At 7am on Jan 27, six days before the election trial was due to start, three Met officers arrived on Mr Erlam’s doorstep to arrest him for “perverting the course of justice”. Mr Erlam spent the last week before the case living away from home to avoid the Met. “To my mind, the clear intention of the police was to discredit me just as the case started,” he said.

His alleged offence, with another petitioner in the case, Azmal Hussain, was to have intimidated a witness, Abdul Latif Khan, into signing a false statement. But the supposed victim had already told police that the “crime” never happened. “I was put under absolutely no pressure by Mr Erlam or Mr Hussain,” he said. “I have made no complaint against either of them.”

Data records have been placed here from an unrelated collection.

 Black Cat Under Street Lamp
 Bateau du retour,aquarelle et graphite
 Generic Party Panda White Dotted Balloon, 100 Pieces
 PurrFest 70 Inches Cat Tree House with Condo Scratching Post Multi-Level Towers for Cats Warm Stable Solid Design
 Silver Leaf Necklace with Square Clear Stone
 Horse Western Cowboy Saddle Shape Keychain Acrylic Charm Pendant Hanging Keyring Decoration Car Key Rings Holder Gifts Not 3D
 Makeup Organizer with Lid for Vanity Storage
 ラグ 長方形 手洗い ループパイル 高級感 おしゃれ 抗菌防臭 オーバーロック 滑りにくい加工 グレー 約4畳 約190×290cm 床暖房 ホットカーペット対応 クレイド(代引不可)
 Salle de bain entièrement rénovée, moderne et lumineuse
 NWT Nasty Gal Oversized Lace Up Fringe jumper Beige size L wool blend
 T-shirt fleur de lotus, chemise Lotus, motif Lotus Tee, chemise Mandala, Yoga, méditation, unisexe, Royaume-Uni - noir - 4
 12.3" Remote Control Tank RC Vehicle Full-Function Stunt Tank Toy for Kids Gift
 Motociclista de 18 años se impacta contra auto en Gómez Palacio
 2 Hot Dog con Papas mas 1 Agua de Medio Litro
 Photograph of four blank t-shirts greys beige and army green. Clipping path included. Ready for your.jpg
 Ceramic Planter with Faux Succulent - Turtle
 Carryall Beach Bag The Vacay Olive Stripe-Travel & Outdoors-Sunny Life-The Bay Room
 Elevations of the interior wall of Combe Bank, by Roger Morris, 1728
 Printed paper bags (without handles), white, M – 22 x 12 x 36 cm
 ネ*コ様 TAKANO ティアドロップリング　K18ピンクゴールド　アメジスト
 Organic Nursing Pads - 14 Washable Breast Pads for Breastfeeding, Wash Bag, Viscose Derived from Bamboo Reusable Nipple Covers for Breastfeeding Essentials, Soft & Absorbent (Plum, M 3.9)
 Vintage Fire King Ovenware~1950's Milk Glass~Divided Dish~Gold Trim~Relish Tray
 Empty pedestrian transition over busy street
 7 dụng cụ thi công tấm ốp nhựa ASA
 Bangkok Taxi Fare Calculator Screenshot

According to emails seen by The Telegraph, the judge was “angry” at police behaviour and wrote to them saying the election trial should take precedence. Now it is over, the Met has swung back into action. “I’m not going to the interview,” said Mr Erlam. “They’ll have to arrest me. I will insist on handcuffs and I want a picture.”

Mr Khan, meanwhile, has written to the police, demanding they investigate those who were really intimidating him – Mr Rahman’s supporters. 

“Our witnesses have been subjected to massive and genuine intimidation, but the police have pretty clearly chosen a side in this case,” said Mr Erlam. “I think there’s actual corruption here – there’s a pattern of behaviour that doesn’t make sense any other way.”

Some of the intimidation has been more like Chicago in the 1930s than London in 2015. For many years, it can now be revealed, Mr Rahman has benefited from a group of “enforcers”, individuals attached to youth organisations heavily funded by his council. Any Bangladeshi speaking against the mayor could expect a doorstep visit.

During the election trial, it stepped up. According to Mr Erlam and Mr Hussain, at least 12 of their 80 witnesses suffered serious pressure. The wife of a witness against Mr Rahman was told by four men that they would burn down her house, killing her and her children, if he testified.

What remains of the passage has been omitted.